The spy thing is all around us. It's not at all limited to historical novels.
According to The Double Life of Agent Piccadilly by Hristo Hristov, Bulgarian writer Georgi Markov was umbrella-ed to death by a "Dane of Italian origin, an occasional smuggler arrested twice in Bulgaria and given the choice of going to prison or becoming an agent."
Prisoner in Bulgaria or spy in London. Which one would YOU choose? Turnips and brown water, or crumpets with marmalade?
That's the kind of choice faced by numerous characters in the novels of Stella Rimington, Alan Furst, John Lawton, John LeCarre, and others.
Stella Rimington has stellar credentials.
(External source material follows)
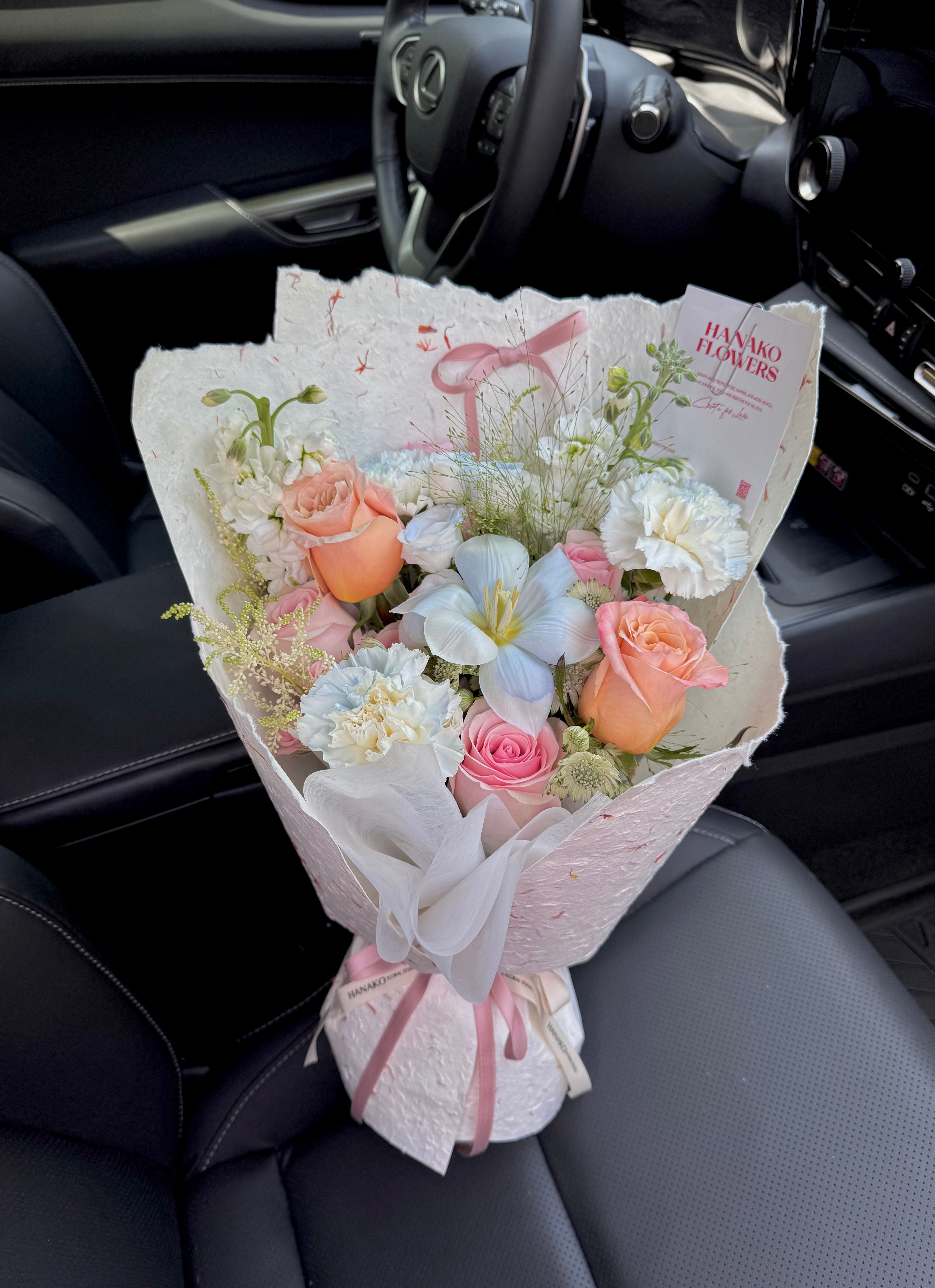 Paper Bloom Assorted  Bouquet (Pre-order 3 Days in Advance)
She worked for thirty years in MI5, counter subversion, counter everything, and became Britain's head spy in 1992. She was the first woman to hold the post and the first to be publicly announced, causing her daughter no end of trouble in school.
If only Rimington wrote as well as she administers. Her characters are dull, plot lines thin, thriller quotient low. Still, her books are mildly entertaining, like a polite CSI episode. When she describes the view out MI5's upper windows: you know she's been there.
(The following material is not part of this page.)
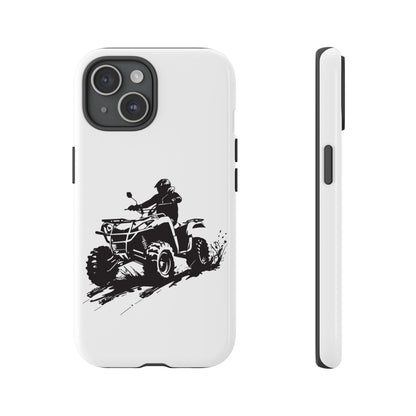 Slingin' Mud Quad iPhone Case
I came to John Lawton late, and he is an exciting discovery. His latest "Inspector Troy thriller" will be sixth in the series.
Lawton covers the same time and territory as Alan Furst -- Europe between the wars. They differ in style and feeling.
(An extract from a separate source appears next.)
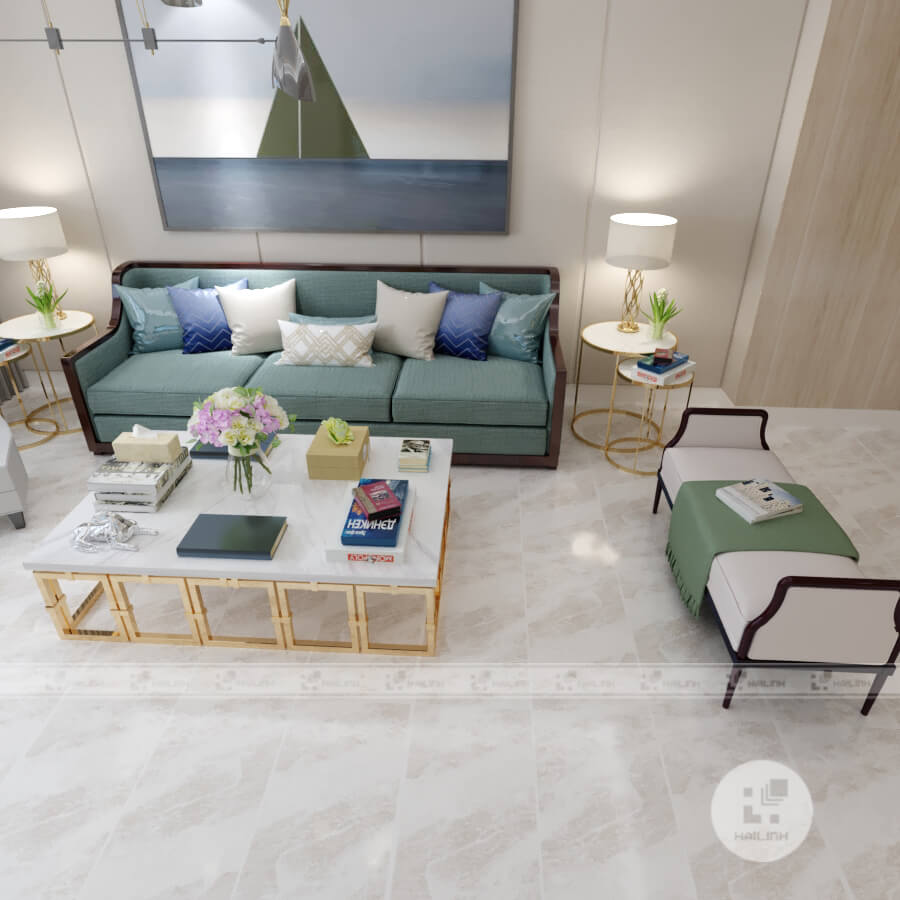 Phong mau gach Eurotile HOD D01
In edgy Alan Furst novels such as Red Gold or Dark Star anyone may be a threat or an ally, or both. Characters risk everything on a chameleon sense of morality or justice.
In John Lawton's latest book, Second Violin, he taps a strong vein of British whimsy. You may be in Winston Churchill's club or Sigmund Freud's parlor, but you'll soon be with foreign pastry chefs incarcerated on the Isle of Man.
In one scene a Jewish tailor flees Nazi thugs. He has big ears, flat feet, and he's wearing his father's too-big overcoat. There is nothing at all funny about it, but Lawton locates the absurdity.
"At each street corner Hummel would slow to a walk, glance round the corner, and enter only if the street was empty of Brownshirts. If there were people around -- ordinary citizens, if that phrase meant anything any more -- he would walk past them, hoping they would not notice he was barefoot, and begin to run again only when well clear."He wondered what it was the fascists had against pianos. In the length of four or five (Vienna) streets he had passed half a dozen smashed pianos, and only half a mile or so back he had narrowly escaped a sense of deja vu when another piano came crashing down from a top-floor apartment. He had... walked on as though it rained pianos every day in this part of Vienna.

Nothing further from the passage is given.